The point to note here is that the window and shelf are all painted to match the wall which means no distractions from the things on the shelf – and if you have open shelves then I’m going to assume you are filling them with beautiful things – or from the view out of the window. Yes you could have painted both of them dark to match the cupboards but the overall effect would have been more disjointed and bitty. Far better to leave it like this and add a disrupter colour in the form of a yellow fruit bowl or cobalt blue vase on the shelf.
Another image that inspired the current house renovation or rather, the image that summed up what I had been trying to tell the joiner for months until last week when we decided it would block the space too much. These are old shutters in the designer Charlotte Boundy’s house. I have spent months looking for something similar to divide the front half of the sitting room from the back before conceding that the size I needed would mean they would have to be made to measure. I had just found the person to do it (expensive) when we decided that because of the architecture of the room – the doorway is angled – it would make the entrance feel pinched so we have decided against it. I have, instead, had another idea. One which I will be putting to the joiner as you read this post. I’m not sure he’s going to like it but it’s cheaper and easier than 3m wide folding shutters. I will, of course, keep you posted.

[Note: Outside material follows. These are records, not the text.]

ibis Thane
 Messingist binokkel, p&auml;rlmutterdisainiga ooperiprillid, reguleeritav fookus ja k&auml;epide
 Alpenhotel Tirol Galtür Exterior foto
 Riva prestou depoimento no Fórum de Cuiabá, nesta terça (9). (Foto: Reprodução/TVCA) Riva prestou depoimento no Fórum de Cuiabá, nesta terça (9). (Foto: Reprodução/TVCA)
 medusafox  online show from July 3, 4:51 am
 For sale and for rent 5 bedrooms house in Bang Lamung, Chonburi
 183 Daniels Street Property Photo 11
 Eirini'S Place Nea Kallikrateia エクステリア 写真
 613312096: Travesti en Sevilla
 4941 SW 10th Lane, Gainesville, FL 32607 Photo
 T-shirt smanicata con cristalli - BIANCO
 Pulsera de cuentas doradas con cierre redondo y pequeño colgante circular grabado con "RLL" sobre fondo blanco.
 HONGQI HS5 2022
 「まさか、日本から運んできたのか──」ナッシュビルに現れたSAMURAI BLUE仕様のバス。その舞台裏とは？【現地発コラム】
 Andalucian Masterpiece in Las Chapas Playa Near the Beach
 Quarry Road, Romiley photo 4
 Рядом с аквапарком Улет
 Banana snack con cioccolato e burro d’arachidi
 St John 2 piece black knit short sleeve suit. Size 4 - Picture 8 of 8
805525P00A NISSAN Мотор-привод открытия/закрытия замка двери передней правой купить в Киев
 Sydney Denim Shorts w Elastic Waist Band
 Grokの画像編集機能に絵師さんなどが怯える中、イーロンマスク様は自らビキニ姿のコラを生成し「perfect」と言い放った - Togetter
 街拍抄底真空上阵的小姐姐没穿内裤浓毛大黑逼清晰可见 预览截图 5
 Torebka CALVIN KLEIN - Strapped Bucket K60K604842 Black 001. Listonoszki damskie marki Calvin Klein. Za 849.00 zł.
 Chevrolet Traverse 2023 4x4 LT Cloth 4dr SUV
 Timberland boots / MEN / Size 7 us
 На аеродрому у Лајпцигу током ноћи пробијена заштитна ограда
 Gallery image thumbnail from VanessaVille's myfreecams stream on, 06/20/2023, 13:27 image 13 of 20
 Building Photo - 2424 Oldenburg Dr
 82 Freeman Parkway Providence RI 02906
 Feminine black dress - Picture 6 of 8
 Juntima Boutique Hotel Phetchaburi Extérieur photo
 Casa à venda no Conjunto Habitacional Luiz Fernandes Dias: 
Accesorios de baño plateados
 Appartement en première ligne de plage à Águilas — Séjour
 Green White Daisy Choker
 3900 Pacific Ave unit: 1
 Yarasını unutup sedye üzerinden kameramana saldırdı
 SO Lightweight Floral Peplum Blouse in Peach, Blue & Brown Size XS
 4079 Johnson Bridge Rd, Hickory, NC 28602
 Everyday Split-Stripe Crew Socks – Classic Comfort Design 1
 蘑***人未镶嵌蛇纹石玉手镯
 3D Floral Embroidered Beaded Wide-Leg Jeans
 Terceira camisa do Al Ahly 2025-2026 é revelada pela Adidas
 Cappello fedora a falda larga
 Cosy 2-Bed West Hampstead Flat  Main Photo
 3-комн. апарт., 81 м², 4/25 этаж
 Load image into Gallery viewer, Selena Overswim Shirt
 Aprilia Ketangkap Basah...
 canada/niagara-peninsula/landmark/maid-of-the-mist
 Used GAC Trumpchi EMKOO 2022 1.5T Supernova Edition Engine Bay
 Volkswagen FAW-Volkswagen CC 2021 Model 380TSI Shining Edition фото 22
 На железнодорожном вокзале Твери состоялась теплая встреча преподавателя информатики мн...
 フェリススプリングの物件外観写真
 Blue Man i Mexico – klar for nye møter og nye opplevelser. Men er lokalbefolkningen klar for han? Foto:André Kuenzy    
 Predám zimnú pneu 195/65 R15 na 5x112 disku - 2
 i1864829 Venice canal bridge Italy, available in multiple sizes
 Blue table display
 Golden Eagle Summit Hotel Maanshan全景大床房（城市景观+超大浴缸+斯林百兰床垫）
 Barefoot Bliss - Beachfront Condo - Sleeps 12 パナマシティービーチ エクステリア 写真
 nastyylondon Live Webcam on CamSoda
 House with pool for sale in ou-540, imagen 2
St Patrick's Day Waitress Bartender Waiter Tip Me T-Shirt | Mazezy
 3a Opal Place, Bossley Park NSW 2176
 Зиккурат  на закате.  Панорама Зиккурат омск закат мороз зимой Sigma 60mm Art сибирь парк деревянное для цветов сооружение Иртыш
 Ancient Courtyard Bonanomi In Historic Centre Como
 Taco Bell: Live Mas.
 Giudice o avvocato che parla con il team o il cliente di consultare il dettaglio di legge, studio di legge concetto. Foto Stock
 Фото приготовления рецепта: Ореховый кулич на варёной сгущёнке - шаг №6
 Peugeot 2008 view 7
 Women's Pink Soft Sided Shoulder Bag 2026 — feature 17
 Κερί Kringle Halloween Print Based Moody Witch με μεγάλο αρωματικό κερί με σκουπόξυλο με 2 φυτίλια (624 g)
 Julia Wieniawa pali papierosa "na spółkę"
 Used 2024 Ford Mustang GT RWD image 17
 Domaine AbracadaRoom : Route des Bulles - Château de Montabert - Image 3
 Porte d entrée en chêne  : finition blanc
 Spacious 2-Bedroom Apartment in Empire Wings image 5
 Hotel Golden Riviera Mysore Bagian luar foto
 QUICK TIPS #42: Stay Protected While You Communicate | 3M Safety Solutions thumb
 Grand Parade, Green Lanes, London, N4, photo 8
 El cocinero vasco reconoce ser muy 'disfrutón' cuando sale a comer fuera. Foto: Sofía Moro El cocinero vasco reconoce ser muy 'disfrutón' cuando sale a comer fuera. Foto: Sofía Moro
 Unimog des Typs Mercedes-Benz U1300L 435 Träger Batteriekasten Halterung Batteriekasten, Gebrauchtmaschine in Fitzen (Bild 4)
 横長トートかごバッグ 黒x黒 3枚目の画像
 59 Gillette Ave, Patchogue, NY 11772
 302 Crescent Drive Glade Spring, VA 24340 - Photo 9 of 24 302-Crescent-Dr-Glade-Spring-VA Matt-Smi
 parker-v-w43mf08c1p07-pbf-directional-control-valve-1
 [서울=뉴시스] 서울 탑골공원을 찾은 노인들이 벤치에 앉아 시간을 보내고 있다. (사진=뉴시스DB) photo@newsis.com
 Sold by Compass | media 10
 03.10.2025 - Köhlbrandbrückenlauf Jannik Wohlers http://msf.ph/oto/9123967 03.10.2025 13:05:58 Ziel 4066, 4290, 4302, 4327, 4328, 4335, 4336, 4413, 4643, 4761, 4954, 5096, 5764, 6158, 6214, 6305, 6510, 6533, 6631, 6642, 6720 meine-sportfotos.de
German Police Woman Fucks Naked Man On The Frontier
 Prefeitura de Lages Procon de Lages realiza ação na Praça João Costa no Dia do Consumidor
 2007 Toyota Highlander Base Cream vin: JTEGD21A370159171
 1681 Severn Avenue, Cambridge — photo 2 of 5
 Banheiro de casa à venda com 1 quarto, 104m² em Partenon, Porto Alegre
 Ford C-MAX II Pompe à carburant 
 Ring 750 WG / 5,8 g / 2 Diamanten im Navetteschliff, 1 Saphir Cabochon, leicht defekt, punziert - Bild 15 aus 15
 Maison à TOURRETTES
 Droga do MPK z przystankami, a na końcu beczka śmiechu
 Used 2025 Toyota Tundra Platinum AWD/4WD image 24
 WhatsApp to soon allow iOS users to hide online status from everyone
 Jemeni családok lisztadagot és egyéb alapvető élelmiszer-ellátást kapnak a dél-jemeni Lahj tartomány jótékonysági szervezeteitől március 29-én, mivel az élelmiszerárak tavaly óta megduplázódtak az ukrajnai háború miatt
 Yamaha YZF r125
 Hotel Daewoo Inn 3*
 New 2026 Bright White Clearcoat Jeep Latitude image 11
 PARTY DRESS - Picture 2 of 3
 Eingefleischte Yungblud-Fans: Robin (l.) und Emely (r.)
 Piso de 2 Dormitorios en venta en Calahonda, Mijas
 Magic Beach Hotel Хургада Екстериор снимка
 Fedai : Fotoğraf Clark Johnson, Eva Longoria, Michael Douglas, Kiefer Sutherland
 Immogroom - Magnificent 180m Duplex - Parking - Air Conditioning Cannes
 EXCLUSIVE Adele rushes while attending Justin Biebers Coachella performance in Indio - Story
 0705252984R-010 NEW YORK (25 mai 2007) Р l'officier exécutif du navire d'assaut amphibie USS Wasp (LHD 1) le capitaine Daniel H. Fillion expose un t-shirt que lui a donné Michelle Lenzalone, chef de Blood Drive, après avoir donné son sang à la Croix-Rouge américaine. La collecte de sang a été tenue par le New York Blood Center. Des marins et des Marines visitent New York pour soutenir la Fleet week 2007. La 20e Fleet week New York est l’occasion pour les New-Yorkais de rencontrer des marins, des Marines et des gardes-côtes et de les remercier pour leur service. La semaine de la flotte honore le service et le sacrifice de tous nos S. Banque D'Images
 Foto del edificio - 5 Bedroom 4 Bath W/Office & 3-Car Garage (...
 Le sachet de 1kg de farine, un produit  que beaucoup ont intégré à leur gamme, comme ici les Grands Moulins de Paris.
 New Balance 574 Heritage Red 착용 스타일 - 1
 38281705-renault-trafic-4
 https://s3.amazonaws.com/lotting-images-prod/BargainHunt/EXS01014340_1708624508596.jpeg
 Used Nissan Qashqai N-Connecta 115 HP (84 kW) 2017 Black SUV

Finally, while we’re on the subject of inspiration a couple of images from last summer’s visit to the Wow House at Chelsea which many of you found a terrifying onslaught of colour and pattern when I wrote about it. It was, needed full on, but it was also designed to show you a lot of product at once. I have been marinating on these two images and while I’m not having a four poster bed or any canopies, the thing I took away from this room by the designer Joanne Plant was the sisal flooring, which will be installed in our bedroom next week. I like the rather utilitarian flooring contrasting with the layers of fabric and colour and, if you have been following, you will know that I have also added wallpaper to our bedroom.
And, this bedroom, by Morris and Co, inspired me to add wallpaper to the bathroom which starts next week. Not this wallpaper, sadly this design – Bamboo – only comes in fabric, but a different William Morris design. This house, unlike the last one which was a tall London town house, is more of a terrace worker’s cottage and the interior design will reflect that.
I hope these rooms and musings give you some ideas and inspiration for your own.